|
|
|
|
|
by voxic11
464 days ago
|
|
This is the article I link my developers whenever I see them making this mistake "Don’t try to sanitize input. Escape output." https://benhoyt.com/writings/dont-sanitize-do-escape/ Its been fairly effective at making them realize the fundamental mistake they are making. Quoting the key part: > The only code that knows what characters are dangerous is the code that’s outputting in a given context. > So the better approach is to store whatever name the user enters verbatim, and then have the template system HTML-escape when outputting HTML, or properly escape JSON when outputting JSON and JavaScript. > And of course use your SQL engine’s parameterized query features so it properly escapes variables when building SQL |
|
Or, stop using stringly template systems, and treat the data as what it is: a structured language, with well-defined grammar.
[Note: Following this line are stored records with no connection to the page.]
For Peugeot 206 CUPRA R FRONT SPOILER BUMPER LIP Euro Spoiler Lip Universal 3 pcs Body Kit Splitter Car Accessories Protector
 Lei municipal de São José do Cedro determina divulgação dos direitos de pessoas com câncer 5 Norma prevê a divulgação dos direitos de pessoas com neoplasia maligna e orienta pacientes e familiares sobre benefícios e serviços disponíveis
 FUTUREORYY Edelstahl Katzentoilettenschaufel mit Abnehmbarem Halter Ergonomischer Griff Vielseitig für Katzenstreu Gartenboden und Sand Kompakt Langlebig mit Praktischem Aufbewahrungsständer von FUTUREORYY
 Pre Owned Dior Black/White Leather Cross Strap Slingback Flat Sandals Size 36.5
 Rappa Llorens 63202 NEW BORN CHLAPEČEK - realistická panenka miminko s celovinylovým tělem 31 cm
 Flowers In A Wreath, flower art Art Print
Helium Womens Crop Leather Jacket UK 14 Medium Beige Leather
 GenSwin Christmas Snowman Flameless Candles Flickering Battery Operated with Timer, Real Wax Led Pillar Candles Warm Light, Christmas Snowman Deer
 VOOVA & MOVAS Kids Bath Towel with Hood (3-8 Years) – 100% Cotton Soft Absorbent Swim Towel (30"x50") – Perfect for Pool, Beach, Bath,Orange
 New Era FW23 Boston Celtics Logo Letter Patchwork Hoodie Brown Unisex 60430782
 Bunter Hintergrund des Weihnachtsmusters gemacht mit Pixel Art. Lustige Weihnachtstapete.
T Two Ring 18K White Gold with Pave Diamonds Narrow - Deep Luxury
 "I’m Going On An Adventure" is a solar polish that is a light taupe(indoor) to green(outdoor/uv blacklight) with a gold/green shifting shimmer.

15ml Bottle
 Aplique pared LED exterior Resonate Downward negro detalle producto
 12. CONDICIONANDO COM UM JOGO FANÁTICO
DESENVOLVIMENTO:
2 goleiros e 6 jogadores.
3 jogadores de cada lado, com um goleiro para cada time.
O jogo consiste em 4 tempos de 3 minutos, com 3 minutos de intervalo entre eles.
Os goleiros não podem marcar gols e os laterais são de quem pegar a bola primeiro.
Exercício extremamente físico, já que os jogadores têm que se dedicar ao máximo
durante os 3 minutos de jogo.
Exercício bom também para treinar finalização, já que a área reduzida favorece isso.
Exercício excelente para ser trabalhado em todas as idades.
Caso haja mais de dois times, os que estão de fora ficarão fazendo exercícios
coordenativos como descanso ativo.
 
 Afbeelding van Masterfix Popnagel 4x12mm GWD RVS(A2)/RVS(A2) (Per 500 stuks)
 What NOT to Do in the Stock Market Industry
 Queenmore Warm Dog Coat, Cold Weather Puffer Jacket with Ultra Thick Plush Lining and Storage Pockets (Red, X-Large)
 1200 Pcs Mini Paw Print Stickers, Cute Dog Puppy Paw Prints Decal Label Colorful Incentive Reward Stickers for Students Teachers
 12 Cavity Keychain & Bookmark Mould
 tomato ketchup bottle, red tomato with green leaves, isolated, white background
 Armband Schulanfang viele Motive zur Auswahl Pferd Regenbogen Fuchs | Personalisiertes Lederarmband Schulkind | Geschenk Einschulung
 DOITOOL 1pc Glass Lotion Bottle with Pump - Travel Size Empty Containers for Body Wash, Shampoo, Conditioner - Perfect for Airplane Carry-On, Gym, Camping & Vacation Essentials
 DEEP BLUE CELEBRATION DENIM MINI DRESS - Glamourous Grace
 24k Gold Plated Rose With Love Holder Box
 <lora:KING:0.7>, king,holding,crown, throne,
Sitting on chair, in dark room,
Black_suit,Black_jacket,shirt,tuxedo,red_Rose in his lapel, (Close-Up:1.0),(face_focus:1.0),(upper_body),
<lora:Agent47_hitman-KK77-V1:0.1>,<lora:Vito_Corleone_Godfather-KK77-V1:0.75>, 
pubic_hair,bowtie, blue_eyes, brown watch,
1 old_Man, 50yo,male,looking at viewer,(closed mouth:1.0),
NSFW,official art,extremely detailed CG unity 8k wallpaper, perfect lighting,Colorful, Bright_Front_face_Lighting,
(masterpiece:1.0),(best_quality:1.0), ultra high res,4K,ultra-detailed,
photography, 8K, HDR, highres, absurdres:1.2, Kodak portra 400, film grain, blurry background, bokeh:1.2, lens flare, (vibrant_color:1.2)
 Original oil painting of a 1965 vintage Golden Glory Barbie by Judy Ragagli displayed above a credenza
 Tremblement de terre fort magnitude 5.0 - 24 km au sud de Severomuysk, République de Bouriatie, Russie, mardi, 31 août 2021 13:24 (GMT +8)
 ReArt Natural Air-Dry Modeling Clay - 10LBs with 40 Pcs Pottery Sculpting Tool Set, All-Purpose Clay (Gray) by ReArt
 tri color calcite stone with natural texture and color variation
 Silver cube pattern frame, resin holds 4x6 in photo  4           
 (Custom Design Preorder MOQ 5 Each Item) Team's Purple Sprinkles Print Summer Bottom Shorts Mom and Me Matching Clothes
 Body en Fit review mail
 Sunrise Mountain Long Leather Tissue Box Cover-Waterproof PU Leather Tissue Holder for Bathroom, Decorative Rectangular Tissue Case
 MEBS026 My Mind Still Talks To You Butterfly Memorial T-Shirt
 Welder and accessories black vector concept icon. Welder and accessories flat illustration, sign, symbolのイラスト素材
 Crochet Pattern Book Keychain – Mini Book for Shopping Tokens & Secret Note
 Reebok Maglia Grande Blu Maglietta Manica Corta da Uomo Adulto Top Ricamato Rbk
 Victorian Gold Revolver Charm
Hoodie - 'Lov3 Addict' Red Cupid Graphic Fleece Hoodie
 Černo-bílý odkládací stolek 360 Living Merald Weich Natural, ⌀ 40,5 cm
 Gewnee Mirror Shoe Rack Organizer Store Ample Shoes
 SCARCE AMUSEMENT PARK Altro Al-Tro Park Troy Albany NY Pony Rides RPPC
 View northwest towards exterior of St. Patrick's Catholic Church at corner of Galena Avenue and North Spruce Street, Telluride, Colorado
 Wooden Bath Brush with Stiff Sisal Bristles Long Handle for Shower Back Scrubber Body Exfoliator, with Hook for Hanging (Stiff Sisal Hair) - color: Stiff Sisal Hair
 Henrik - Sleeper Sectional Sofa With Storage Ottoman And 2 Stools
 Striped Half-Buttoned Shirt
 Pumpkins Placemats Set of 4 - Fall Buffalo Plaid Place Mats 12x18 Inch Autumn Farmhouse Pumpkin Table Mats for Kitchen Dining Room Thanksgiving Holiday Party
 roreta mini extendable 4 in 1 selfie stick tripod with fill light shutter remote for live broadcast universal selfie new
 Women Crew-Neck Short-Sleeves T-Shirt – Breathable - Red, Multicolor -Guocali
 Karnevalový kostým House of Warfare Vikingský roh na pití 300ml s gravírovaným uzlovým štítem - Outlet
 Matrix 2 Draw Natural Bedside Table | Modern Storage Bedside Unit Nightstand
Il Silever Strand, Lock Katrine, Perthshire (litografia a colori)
One of these days I need to write an article titled "Don't play with escaping strings. Serialize output.". Core idea being, "escaping your output" still looks too much like "sanitizing input"[0], and one tiny mistake is all it takes to give an attacker ability to inject arbitrary code into the page (or give an unlucky user ability to brick the page for themselves) - so instead of working in "string space", work in whatever semantics your output is, and treat the string form as a serialization problem. In case of HTML, that means constructing tree of tags as data structure, and then serializing them. Then, bugs in serializer notwithstanding, the whole class of injection problem disappears - you can't do "<h1>$text</h1>" -> "<h1></h1><script .... </h1>", when your "template" is made of data structures like [:h1, $text], because $text can't possibly alter the structure here. Etc.
In some sense, "Don't escape, serialize instead" is the complement of "Parse, don't validate".
(See also: make invalid states unrepresentable.)
--
[0] - Who ever sanitizes input? I've only ever seen this kind of sanitization the article describes happen in the output, within string-gluing templates.